Las palabras no están de moda; los argumentos, ni qué decir. Lo de hoy son las imprecaciones a toda hora, en tribuna y en medios, entre políticos; quién ha de sorprenderse de que, de descalificaciones sin gracia ni ingenio, ya pasamos a zapes y desgreñadas legislativas.
El pancracio va a protestar. No se vale que políticos, pagados con los impuestos de todas y todos, hagan desleal competencia a quienes entrenan en los costalazos, a esos que invierten horas y sesera en confeccionar una máscara, un apodo, una leyenda.
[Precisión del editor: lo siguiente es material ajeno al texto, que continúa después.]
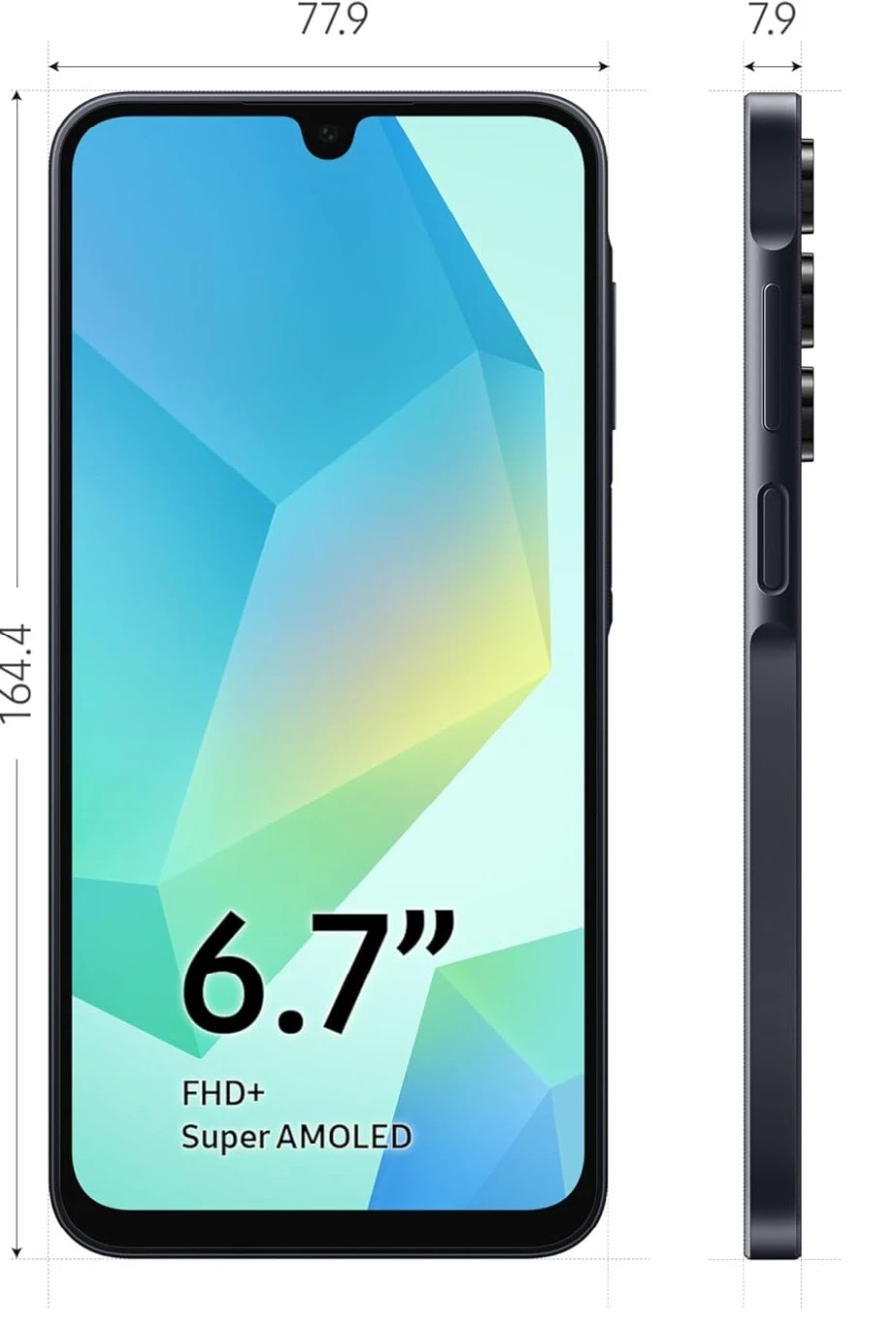 Brand New Samsung Galaxy A16 5G 128GB Factory Unlocked 6.7″ -Black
Nomás eso nos faltaba. Si ya hartaban el titipuchal de mesas de debate (es un decir) en la radio, donde partidos políticos gastan tiempo del respetable en diatribas sin sustancia, en monólogos sectarios, en posicionarse ellos mientras erosionan la política, ahora tenemos manotazos en el Senado y jalones de pelo en Donceles.
Esto no es un “a dónde vamos a parar” tipo El Buki. Es “en dónde estamos”. Ante una clase política sin recursos orales ni para la ironía o el sarcasmo, sin lenguaje que no sea para el apodo barato y telenovelero: Lilly y Noroña como canon de altura. Estridencia hueca.
Pregunta franca: ¿algún concesionario (y el cuestionamiento también es, desde luego, para los permisionarios) cree que cumple con la Ley de Radio y Televisión emitiendo esas tertulias donde casi todos los representantes de partidos concursan en denigrarse?
En 1994 fue todo un evento el primer debate presidencial. Tuvo de todo, es cierto. No sólo ideas o parlamentos de sustancia. Y muchas veces, de esos encuentros, el recuerdo que perdura es alguna gracejada, el chistín oportuno, la destemplada ocurrencia de alguien.
De aquel suceso, cuando celebramos que por vez primera veríamos y escucharíamos a contendientes de distinta ideología en igualdad de circunstancias, sin ventajas a favor del candidato oficial y con posibilidades de interpelar al mero-mero, pasamos a las desgreñadas.
Bueno. Antes de los jalones de pelo de Donceles tuvimos otra plaga. Si quisiéramos hacerle un bien a la ciudadanía, alguien debería prohibir que en los debates mediáticos se lleven cartelitos, cartelotes, fotografías y utensilios varios. Aprenda la lección: nada de acordeón.
Consciente soy de que estamos en la era del meme. Pero qué bien le vendría a la opinión pública constreñir los intercambios a palabras. Que se convenza con argumentos, con datos sin olvidar el ingenio; con retórica, sin desdeñar la ironía; con la mente, no con las manos.
El año cierra y en la crónica parlamentaria quedará registrado que en el Senado se recurrió a megáfonos; que, incapaces de respetar el tiempo de otros, de escuchar a los diferentes, se homenajeó la figura del merolico: bocinas para aturdir, no para hacerse escuchar.
Igual de significativo es que este lunes, en el cada vez más estridente Congreso de la Ciudad de México, una legisladora fue y desconectó (hubo hasta acusaciones de que cortó cables) los micrófonos. Quienes hablan por el pueblo cancelan los medios para hacerse oír. Poético.
Hay otro silencio. Porque aquí nadie está diciendo que la culpa es de los políticos o sólo de la clase política. ¿Qué responsabilidad asume la prensa de dar difusión a declaraciones sin fundamento, a proclamas, a dudosos datos que contaminan la información, a fake news?
¿Un representante de un partido tiene derecho a micrófono sin demostrar que posee argumentos o información de valor? ¿Vale seguir invitando a mesas a quienes diario pepenan en el diccionario insultos y denuestos contra sus contertulios sólo para ganarse likes?
El espectáculo de una política entre golpes se engendró con la licencia para imprecar. El recordatorio obligado es que no es entretenido, es violencia.